Fig.d.7 Dortoir de la roussette noire (Pteropus niger) dans l'Est de La Réunion. La roussette

noire a recolonisé La Réunion depuis Maurice au début des années 2000 plus de deux siècles après en avoir disparu. Photo : Gildas Monnier.

Le retour de la roussette noire (Pteropus niger) à la Réunion constitue une remarquable opportunité pour les écosystèmes forestiers (Fig.d.7), car cette grande chauve-souris frugivore endémique de l'archipel joue un rôle doublement mutualiste en tant que pollinisateur et disperseur (Florens et al., 2017a; Nyhagen et al., 2005). Les premiers travaux sur cette espèce à La Réunion montrent que les individus suivis sont capables de parcourir une vingtaine de kms au cours d'une seule nuit (GCOI, 2019), ce qui corrobore les travaux de Oleksy et Ayady (2019) à Maurice. Ainsi, elles assurent déjà une continuité géographique entre les dortoirs situés à basse altitude dans des habitats totalement transformés et la végétation indigène de l'Est de l'île où elles vont probablement se nourrir (GCOI, 2019). Si elles propageront peut-être de nouvelles plantes exotiques (Rouget et al., 2016), ces potentiels effets néfastes seront probablement contrebalancés par la restauration d'interactions mutualistes de pollinisation et de dispersion qui étaient éteintes depuis des siècles (cf van Toor et al., 2019). Pour s'en convaincre, il suffit de constater la remarquable régénération de la plupart des plantes indigènes à Brise Fer malgré la

persistance de nombreuses plantes exotiques à l'échelle du paysage (chapitre 6).
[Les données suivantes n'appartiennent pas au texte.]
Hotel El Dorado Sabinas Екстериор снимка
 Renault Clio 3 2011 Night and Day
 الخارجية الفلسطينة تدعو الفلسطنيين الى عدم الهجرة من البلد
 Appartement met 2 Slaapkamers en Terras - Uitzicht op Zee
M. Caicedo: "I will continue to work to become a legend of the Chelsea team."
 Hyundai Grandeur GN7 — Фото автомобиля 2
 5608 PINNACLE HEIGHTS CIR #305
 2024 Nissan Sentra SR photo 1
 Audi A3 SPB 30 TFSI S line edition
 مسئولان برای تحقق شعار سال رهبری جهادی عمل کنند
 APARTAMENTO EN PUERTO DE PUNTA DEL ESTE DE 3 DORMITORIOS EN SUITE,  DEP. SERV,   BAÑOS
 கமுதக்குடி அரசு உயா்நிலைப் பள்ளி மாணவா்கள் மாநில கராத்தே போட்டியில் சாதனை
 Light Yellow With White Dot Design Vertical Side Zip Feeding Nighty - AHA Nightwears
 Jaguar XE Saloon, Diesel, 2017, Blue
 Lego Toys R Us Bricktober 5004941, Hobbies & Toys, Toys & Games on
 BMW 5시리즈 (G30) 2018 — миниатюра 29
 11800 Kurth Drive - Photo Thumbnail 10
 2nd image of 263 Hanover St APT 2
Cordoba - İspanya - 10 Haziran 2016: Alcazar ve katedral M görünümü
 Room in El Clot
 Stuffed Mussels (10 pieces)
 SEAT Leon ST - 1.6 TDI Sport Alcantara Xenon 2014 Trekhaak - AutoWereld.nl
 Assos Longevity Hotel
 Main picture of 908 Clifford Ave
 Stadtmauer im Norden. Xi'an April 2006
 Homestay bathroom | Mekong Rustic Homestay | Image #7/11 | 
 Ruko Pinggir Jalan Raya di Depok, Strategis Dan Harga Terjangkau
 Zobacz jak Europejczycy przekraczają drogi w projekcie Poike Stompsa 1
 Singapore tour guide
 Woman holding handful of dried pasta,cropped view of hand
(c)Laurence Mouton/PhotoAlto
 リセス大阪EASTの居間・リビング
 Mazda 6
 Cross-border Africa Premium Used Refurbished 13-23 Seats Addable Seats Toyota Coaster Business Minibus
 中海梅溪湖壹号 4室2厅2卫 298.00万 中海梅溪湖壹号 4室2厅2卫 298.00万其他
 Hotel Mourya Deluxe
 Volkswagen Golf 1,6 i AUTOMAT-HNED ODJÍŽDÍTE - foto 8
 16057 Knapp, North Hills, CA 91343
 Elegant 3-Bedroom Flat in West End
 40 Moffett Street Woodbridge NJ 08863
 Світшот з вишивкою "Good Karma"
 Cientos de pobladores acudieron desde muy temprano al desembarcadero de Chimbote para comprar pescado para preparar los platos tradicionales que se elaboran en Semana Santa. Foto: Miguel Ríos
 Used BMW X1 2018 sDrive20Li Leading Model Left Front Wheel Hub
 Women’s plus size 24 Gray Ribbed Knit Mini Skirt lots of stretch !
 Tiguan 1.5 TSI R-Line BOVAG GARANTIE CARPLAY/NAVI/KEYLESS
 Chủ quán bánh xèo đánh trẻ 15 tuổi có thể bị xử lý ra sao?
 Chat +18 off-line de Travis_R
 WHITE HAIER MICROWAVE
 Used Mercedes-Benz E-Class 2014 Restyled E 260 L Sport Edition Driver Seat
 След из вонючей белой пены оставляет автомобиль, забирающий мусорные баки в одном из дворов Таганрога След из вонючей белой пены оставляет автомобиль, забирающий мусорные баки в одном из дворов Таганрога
A La Réunion, les reliques de forêts indigènes aux basses et moyennes altitudes riches en arbres à gros fruits (chapitre 2) sont sans surprise les plus attractives pour la roussette (GCOI, 2019). Ces reliques sont souvent très fragmentées et à proximité directe des activités humaines, tandis que les plus grandes zones en coeur de Parc national se trouvent entre Saint-Philippe et Sainte-Rose, notamment au Grand Brûlé qui voit malheureusement les kipukas riches en espèce à gros fruits charnus disparaître depuis des siècles sans possibilité de se reconstruire (chapitres 3 et 4). Pour que cette zone qui constitue la plus grande aire de basse altitude à distance des activités humaines soit réellement attractive pour les roussettes, il est non seulement possible (chapitre 5 ;

Fig.d.2), mais il y a surtout urgence à ramener des semenciers indigènes dont se nourrit cette

espèce (Florens et al., 2017a). Il y a d'autant plus de raisons d'envisager de vastes zones favorables et protégées pour les roussettes qu'avec la croissance exponentielle de la population de l'Est (GCOI, 2019), le risque de conflit d’intérêt avec les arboriculteurs doit être anticipé. Le défi est grand comme le montre la situation à Maurice où cette espèce qui joue pourtant un rôle clé de voûte dans les forêts indigènes est décimée à des fins démagogiques (Florens, 2015). Par conséquent, les acteurs locaux de la conservation devraient veiller à créer les conditions de l’acceptation de cette espèce endémique de l'archipel et inclure un important volet socio-écologique dans les prochains travaux de recherche (cf Cybèle, 2018).